Emergency specialists work at a residential building damaged by shelling during Ukraine-Russia conflict in the separatist-controlled city of Donetsk, Ukraine, on March 30, 2022.
Alexander Ermochenko | Reuters
A woman carries a bottle of water as emergency specialists work at a residential building damaged by shelling during Ukraine-Russia conflict in the separatist-controlled city of Donetsk, Ukraine March 30, 2022.
Alexander Ermochenko | Reuters
Firefighters work at a residential building damaged by shelling during Ukraine-Russia conflict in the separatist-controlled city of Donetsk, Ukraine March 30, 2022.
Alexander Ermochenko | Reuters

— Reuters

Russia’s Lavrov says Moscow will move toward ‘multipolar world order’ with China

Russian Foreign Minister Sergei Lavrov attends a news conference following talks with President of the International Committee of the Red Cross (ICRC) Peter Maurer in Moscow, Russia March 24, 2022.
Kirill Kudryavtsev | Reuters

Russian Foreign Minister Sergey Lavrov touted a move toward a new world order during a visit to China on Wednesday.

"We are living through a serious stage in the history of international relations," he said. "I am convinced that the outcome of this stage will substantially clarify the international situation. We will move towards a multipolar, equitable and democratic world order with [China] and other like-minded nations."

China, a close ally of Russia, has so far refused to fully denounce Russia's unprovoked invasion of Ukraine, and has not joined the coordinated move to impose economic sanctions on Moscow.

— Chloe Taylor

Russia regrouping away from Kyiv but Ukraine still under constant attack, officials say

A woman with belongings walks past a completely destroyed building after Russian shelling in Sviatoshinsky district of Kyiv, Ukraine on March 30, 2022.
Metin Aktas | Anadolu Agency | Getty Images

Russia is regrouping its troops away from Kyiv to concentrate on its offensive in eastern Ukraine, Ukraine's armed forces have said in a new update.

Moscow was moving to increase the supply of troops in the Donetsk and Tavriya directions, the update said, while offensives were also underway in other parts of the country.

"In the northern direction, the occupier focused on shelling areas of Chernihiv and strengthening defensive positions," Ukraine's armed forces said.

Russia said Tuesday that it would cut back its military activity in and around Kyiv and the northern city of Chernihiv.

Oleksiy Arestovych, an advisor to the Ukrainian Presidential Office, said in a video message on Wednesday that Russia had ulterior motives for regrouping its troops away from the capital.

"The Russians are not simply removing their troops from Kyiv and from the north of Ukraine — they are transferring them to the Joint Forces Operation zone [in eastern Ukraine] and near Mariupol in order to have a qualitative and quantitative advantage in these areas," he said, according to an NBC News translation.

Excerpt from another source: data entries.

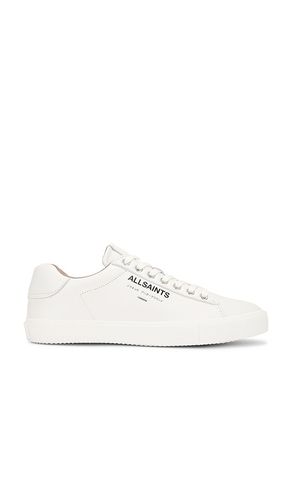 Zapatilla deportiva en color blanco talla 10 en - White. Talla 10 (también en 13, 8) - ALLSAINTS - Modalova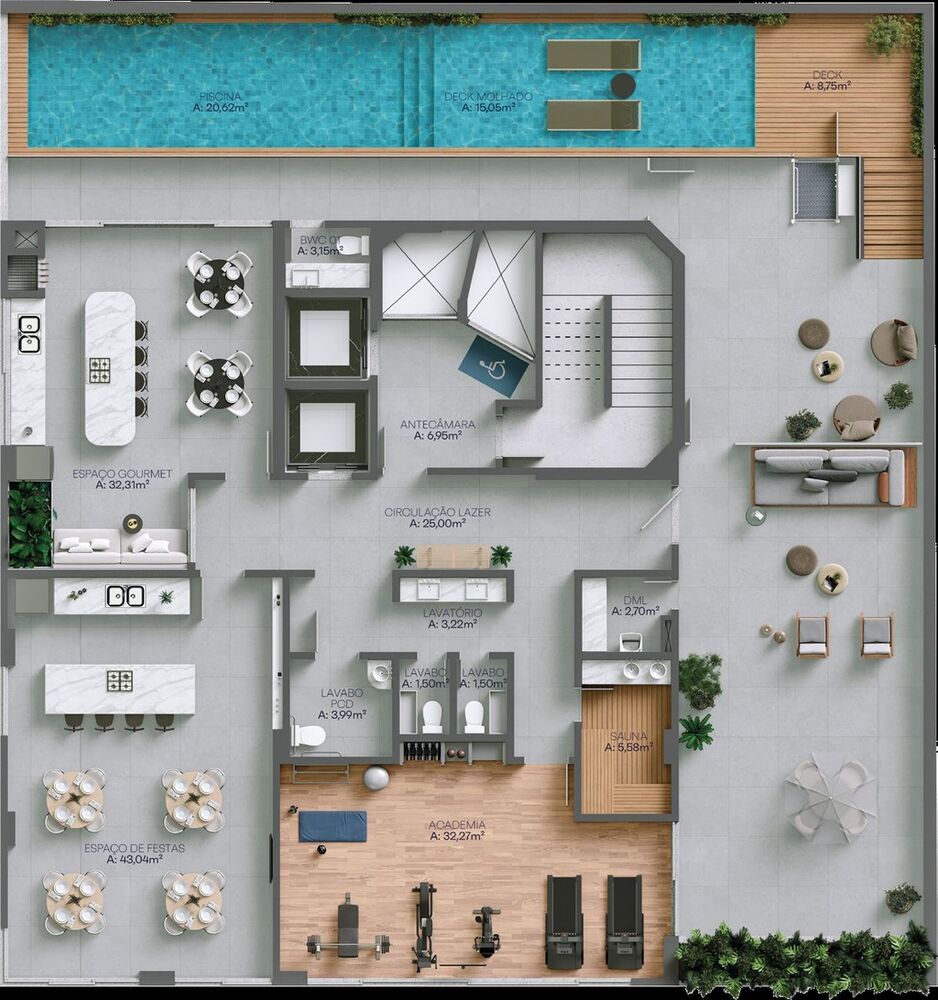 Apartamento, 3 quartos, 163 m² - Foto 2
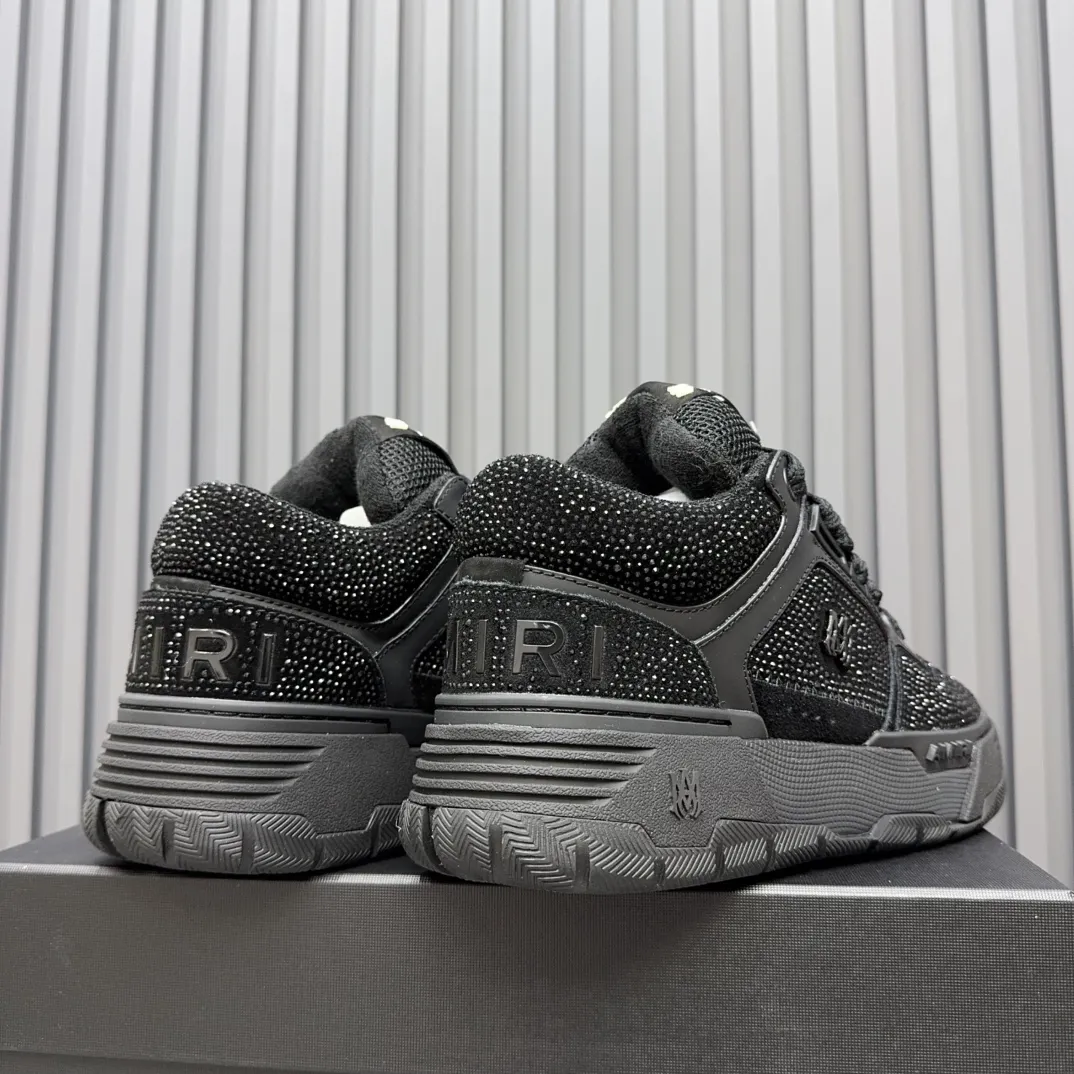 Men's shoes 💰760💰 AMIRI AMIRI fashion brand hot sale 🔥 Available all year round, couples 💑 Official website synchronization Imported fabrics 1⃣️ vs 1⃣️ replica, original factory special original sole, 35-45 (45. non-refundable)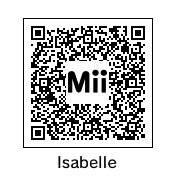 Isabelle Mii QR Code by Mota444 on DeviantArt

Meanwhile, Oleh Synegubov, governor of the Kharkiv region, said Wednesday that Russian forces had been "constantly firing" on multiple districts around Kharkiv, and Ukraine's Human Rights Ombudsman said every day Ukrainian towns and cities were being "shaken by constant shelling and bombing."

— Chloe Taylor

China says relations with Russia are withstanding ‘test of international turbulence’: State-controlled media

Chinese Foreign Minister Wang Yi said Wednesday that China-Russia relations have withstood the test of international turbulence, according to Chinese state-run television channel Phoenix TV.

According to Phoenix TV, he made the comments during a meeting with his Russian counterpart Sergey Lavrov.

Wang also said that China's relations with Russia "maintained the correct direction [and] continue to develop resiliently," according to the Chinese broadcaster.

China, a close ally of Russia, has so far refused to fully denounce Russia's unprovoked invasion of Ukraine, and has not joined the coordinated move to impose economic sanctions on Moscow.

Chloe Taylor

Kyiv officials say capital hit by multiple shelling strikes

A completely destroyed building is seen after Russian shelling in the Sviatoshinsky district of Kyiv, Ukraine on March 30, 2022.
Metin Aktas | Anadolu Agency | Getty Images

The Kyiv region has been hit by more than 30 shelling strikes over the past 24 hours, officials said Wednesday.

"More than 30 shellings of housing estates and infrastructure facilities have been recorded," the Kyiv Regional State Administration said in a Telegram post translated by NBC News.

Authorities said in the post that the most dangerous areas in the region were the settlements along the Zhytomyr highway, as well as the north of Vyshhorod district and the settlements of Baryshivska and Velikodimerska on the outskirts of the capital.

On Tuesday, Russia said it would scale back its military operations in and around Kyiv.

— Chloe Taylor

45% of Ukrainians worried about finding enough food, UN says

People line up for food handed out by volunteers at a humanitarian aid distribution point, as Russia's attack on Ukraine continues, in Kharkiv, Ukraine, March 28, 2022.
Thomas Peter | Reuters

An estimated 45% of the Ukrainian population is worried about finding enough to eat, the U.N.'s World Food Programme said Wednesday.

The organization said it was already supporting 1 million people on the ground in Ukraine by supplying them with food.

"Just one month ago, we had no presence on the ground, no staff, no network of suppliers or partners. To build an operation from the ground up and get food to one million people seemed a monumental challenge," Jakob Kern, WFP's emergency coordinator for Ukraine, said in a press release.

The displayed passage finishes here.